The all-electric vehicle range of the 2013 Chevrolet Volt will be 38 miles on a single charge, providing a three-mile EV range increase from the 2012 model. The miles per gallon equivalent (MPGe) will increase from 94 miles to 98 miles and the total range, including extended range operation, will be 380 miles.
Based on real-world experience by Volt owners since the vehicle launched in late 2010, engineers made minor changes to the material composition of the battery cell chemistry, resulting in improved performance and durability. Manganese spinel chemistry remains the foundation for the Volt’s battery system, but the amount of each material has been slightly modified to provide better life performance.
“The best way to explain what we’ve done at the cell level is to compare it to a cake batter recipe. Sometimes if you use more sugar and less vanilla you get a better tasting cake.
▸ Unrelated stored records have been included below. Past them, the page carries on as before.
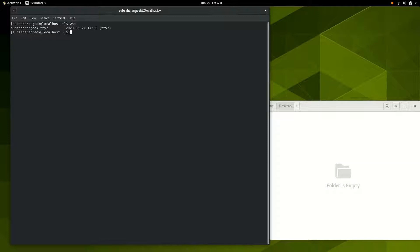Let's look at the most scary thing in Linux that most people find scary. It's not scary, actually. It's also the thing that attracts most people to Linux. This is something called the Linux shell.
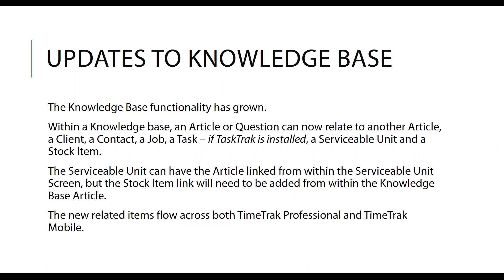The updates to the knowledge base. Our knowledge base functionality has grown. A knowledge base still has the opportunity to have an article or a question. Historically the article could relate to another article, to a client, a contact, a job, a task if task track is installed. We've added the ability to relate it now to a serviceable unit and/or a stock item.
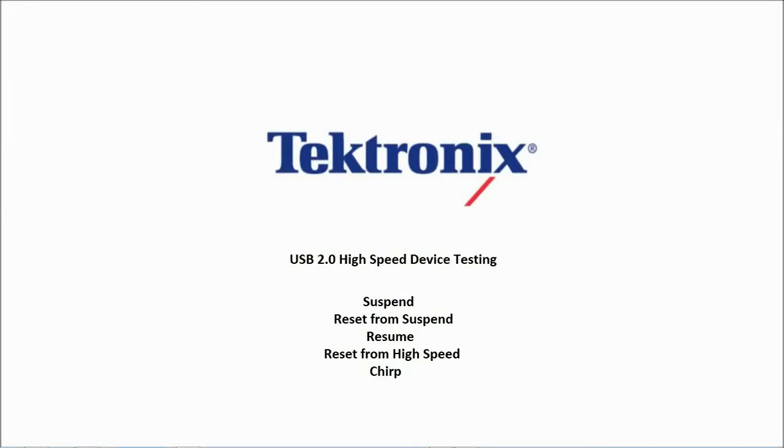Hello. In this fourth video, we will be covering how to perform the Suspend, Reset from Suspend, Resume, Reset from High Speed, and Chirp tests for compliance testing of USB 2.0 high-speed devices.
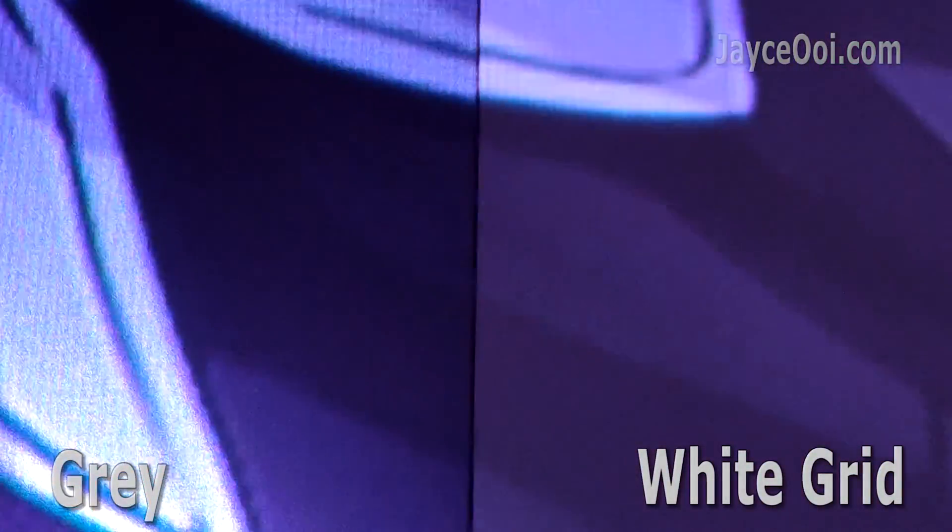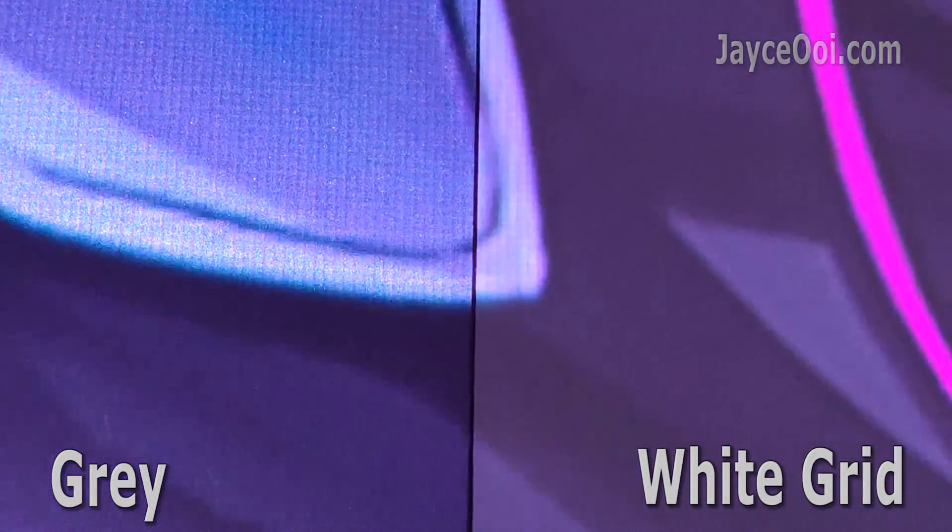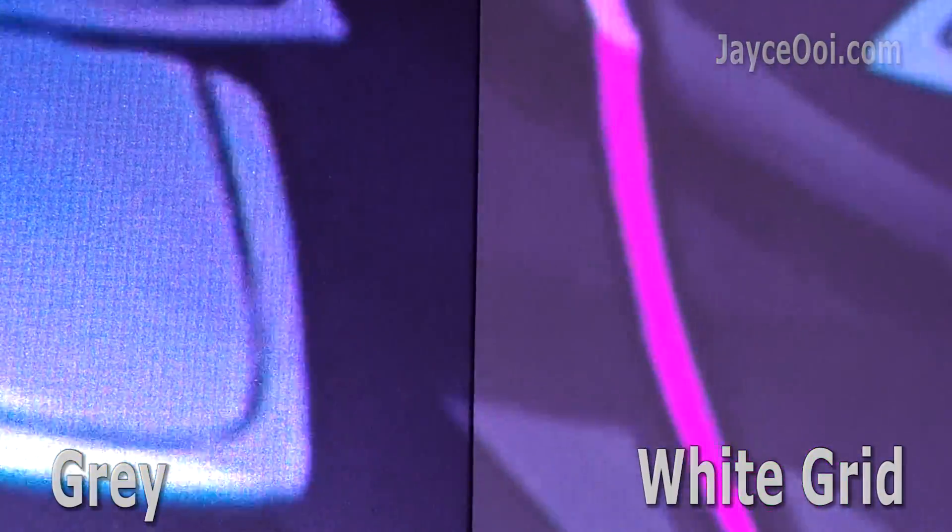Alright, some of you might know the screen that I am using here. The left one is the grey anti-light screen while the right one is the white grid screen.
We’ve done some work at the cell level to modify the ‘ingredients’ to make a better end result,” said Bill Wallace, GM director of Global Battery Systems Engineering. “This attention to detail will allow our customers to experience more pure EV range, which is the true benefit of owning a Volt.”
In addition, the total storage capacity of the Volt battery has been increased from 16 kWh of energy to 16.5 kWh, and engineers have expanded the state-of-charge window to use 10.8 kWh of the total battery energy – up from 10.3 kWh used in the 2012 model. The battery system maintains a buffer to ensure battery life, but that buffer has been reduced.
The improved EV range capability will result in slight increases to the Volt’s charge times. A full recharge using a 120V could take 10.5 hours and 4.25 hours using a 240V charging unit.
Cells with improved chemistry have accumulated 150,000 test miles to date. The tests have revealed less battery degradation, the ability to withstand temperatures as low as -30 degrees Celsius and less impact by energy throughput.
For the first 38 miles, the Volt can drive gas and tailpipe-emissions free using a full charge of electricity stored in its 16.5-kWh lithium-ion battery. When the Volt’s battery runs low, a gas-powered engine/generator seamlessly operates to extend the driving range another 344 miles on a full tank.
Based on our previous road tests of the Volt, we easily reached upward of 48 miles of all-electric driving during urban commutes thanks to regenerative braking putting power back into the battery. This 3 mile gain on the 2013 Volt could mean at least 6 additional miles of range in a real-world, local driving application along with improved winter performance, especially with the improved battery chemistry.